C vs. C++ Test

The template efficiency test was sort of my own idea one day, when I had nothing better to do (what a nerd, huh?). Basically, I wanted to see just how efficient the template collection classes in C++ were, and how the would compare to C. I went through several versions of tests, but finally decided on what I think was a fair test, which is documented here. I make no claims about it's accuracy, except for the items that I point out, and I acknowledge that this is by no means a complete test. I also do not intend this to be a 'which is better' issue. As with all things in life, everything has a place, C, C++, VB, you name it. I do not subscribe to language snobbery, and I have used professionally Assembly (Z80 and Intel), C, C++, VB, Delphi, and VBA.

What is efficiency?

An important question. Efficiency can be measured as either the size of the code, or, how fast it executes. If a program is large, then it could be called inefficient because it uses too much memory. If a program is slow, then it can be called inefficient because it takes to long to execute. Most of the time, but not all of the time, these two measurements are a sort of see-saw. Larger programs are actually usually faster, and smaller programs are usually smaller. For example, a macro is faster than a function, because there is no call and return overhead, but, since the macro is replicated every time you use it, it makes larger code. For this reason, many compilers have options to favor either small programs, or fast programs, but not both.

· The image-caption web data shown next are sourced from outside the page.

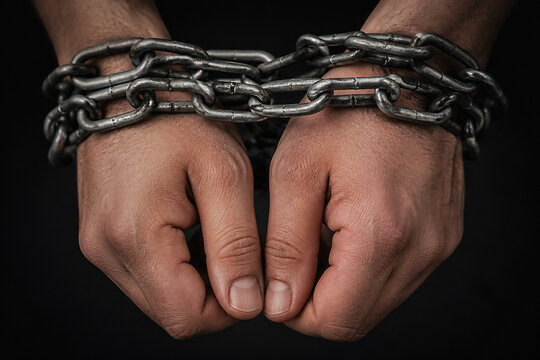 A pair of hands with heavy metal chains wrapped around them against a dark background.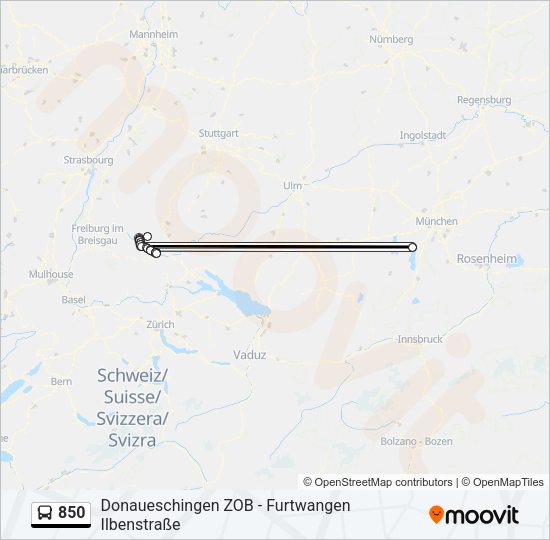 850 Bus Line Map
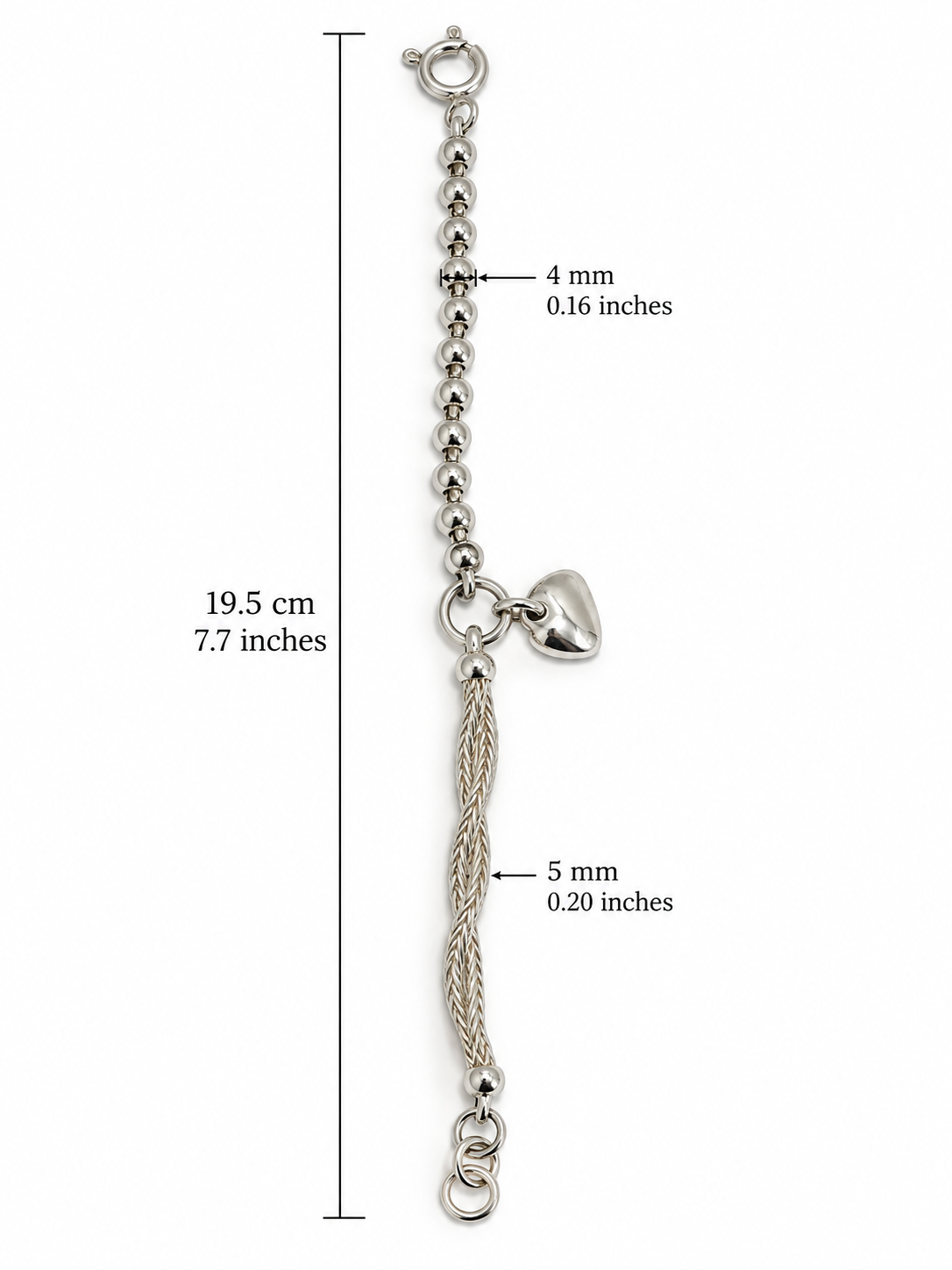 Silver 950 Heart Charm Bracelet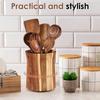 360° Rotating Utensil Holder Wood Kitchen Tableware Storage Holder Nonslip Countertop Organizer for Home Cooking Tool Organizer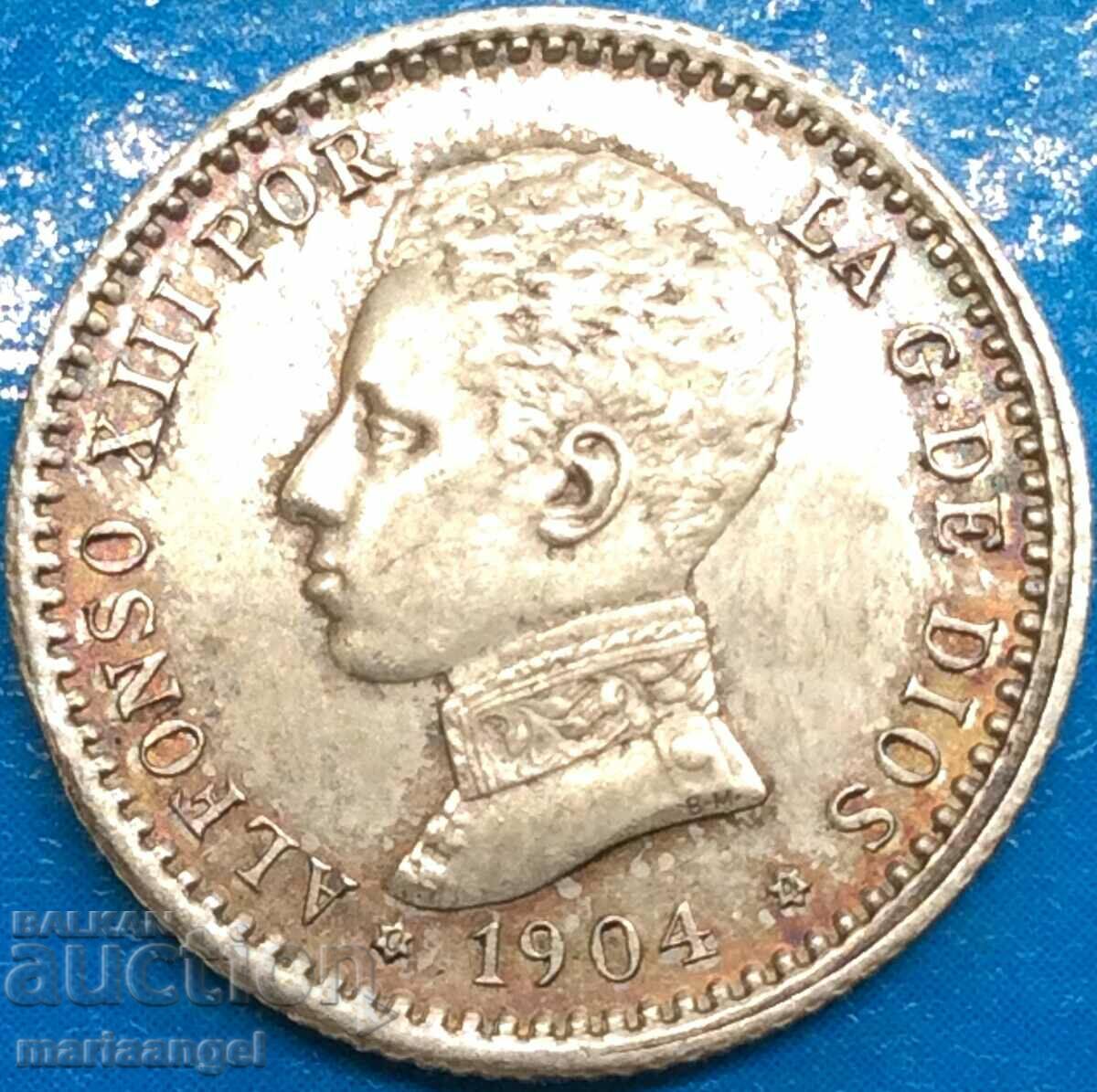 Spain 50 Cent 1904 Alfonso XIII Silver Patina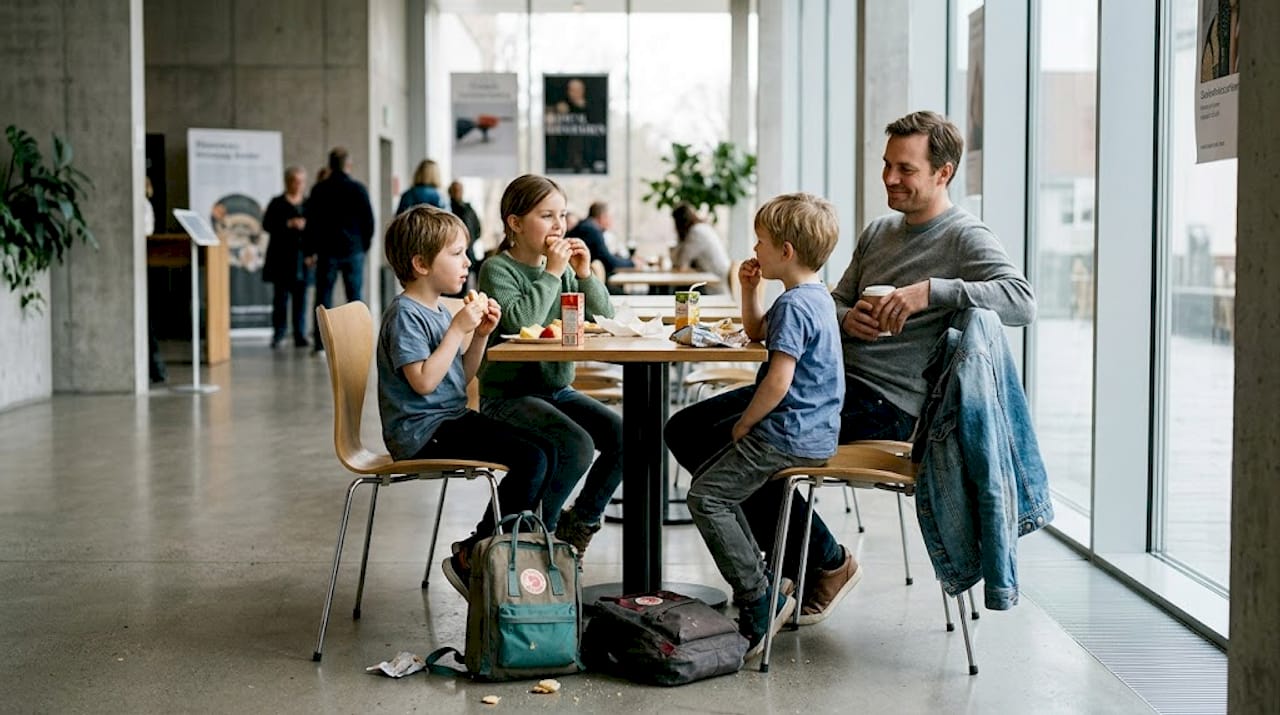 Die Kinder machen eine wohlverdiente Pause im Cafébereich des Museums.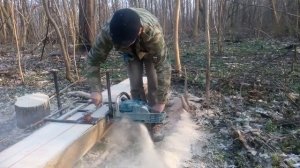 Рамка для продольного распила брёвен бензопилой с лебёдочкой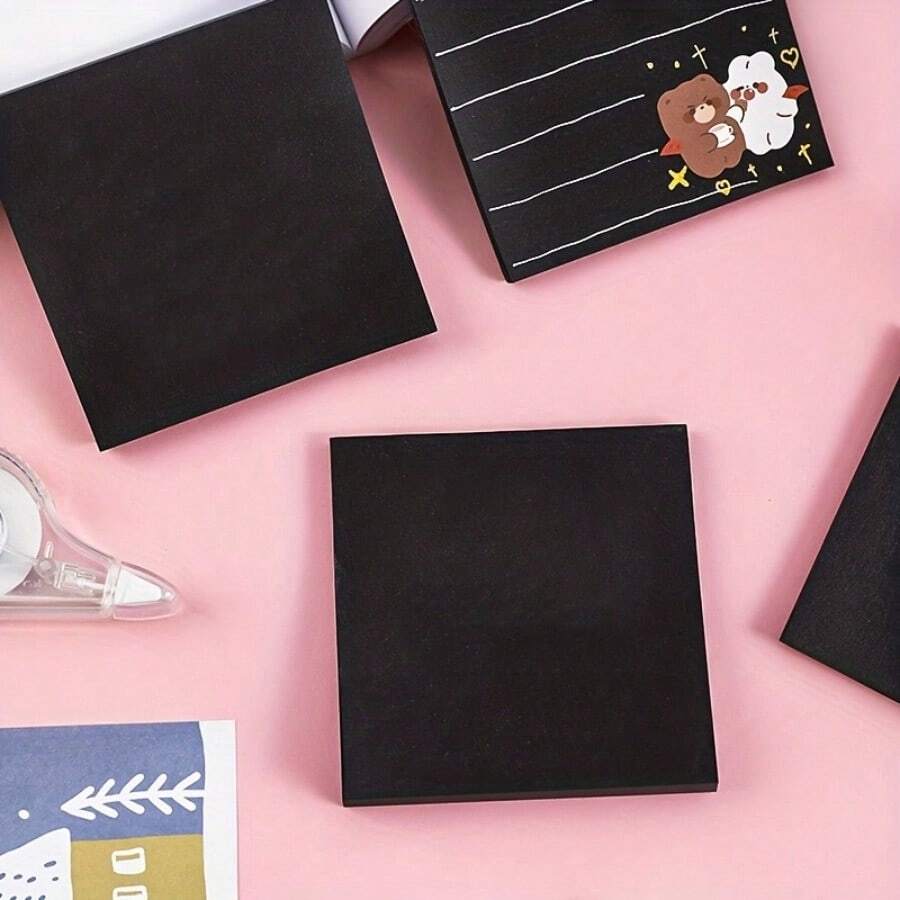 2 Pads 100 Sheets Minimalist Pure Black Sticky Notes, Self-Adhesive Solid Color Tearable Memo Pads, Simple Note Paper For School Office Planner Journal Scrapbook Daily Reminder Stationery Supplies School Supplies - 100Sheets - View 1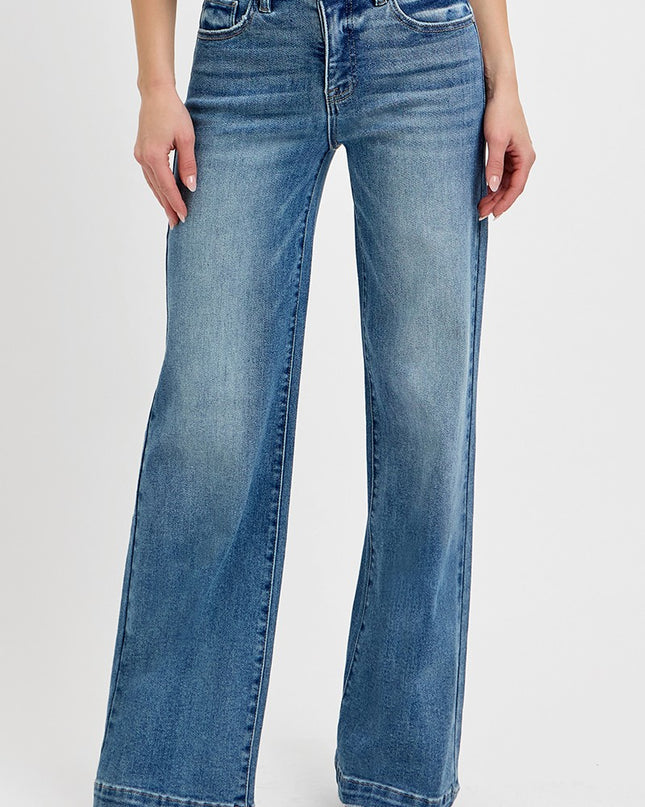 PRE-ORDER Medium Wash Tummy Control Adjustable Waist Band Jeans - Shop Simply Apparel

There is yet another measurement for efficiency that is often overlooked: Programmer Time. Let's face it, if we all wanted the absolute fasted and smallest code, we would be using assembly language, and hand coding and optimizing every single section of code. But, this isn't really practical. A typical Windows program can be from 500K to 1.5M in size, not due entirely to 'bloated' code, but to the simple fact that it is a large, complex program with many features. Word, is about 5M, and I'd like to see someone write that entirely in assembly language, optimizing each line of code. Maybe they would get it down to 2.5M, but does that really make a difference to me, on my 13G hard drive and 450MHz machine?

All too often, I've come across some incredibly complex and fast code in a program, that may have been rewarding for the author, but I have to think to myself, "Didn't they have anything better to do?". Who can read it? Who can modify it when they get hit by a truck? These are all legitimate business questions. I once had a valuable lesson, when as a consultant after having my code reviewed, I was told it was "too slick", and they didn't want that. They wanted something they could manage after I left the project.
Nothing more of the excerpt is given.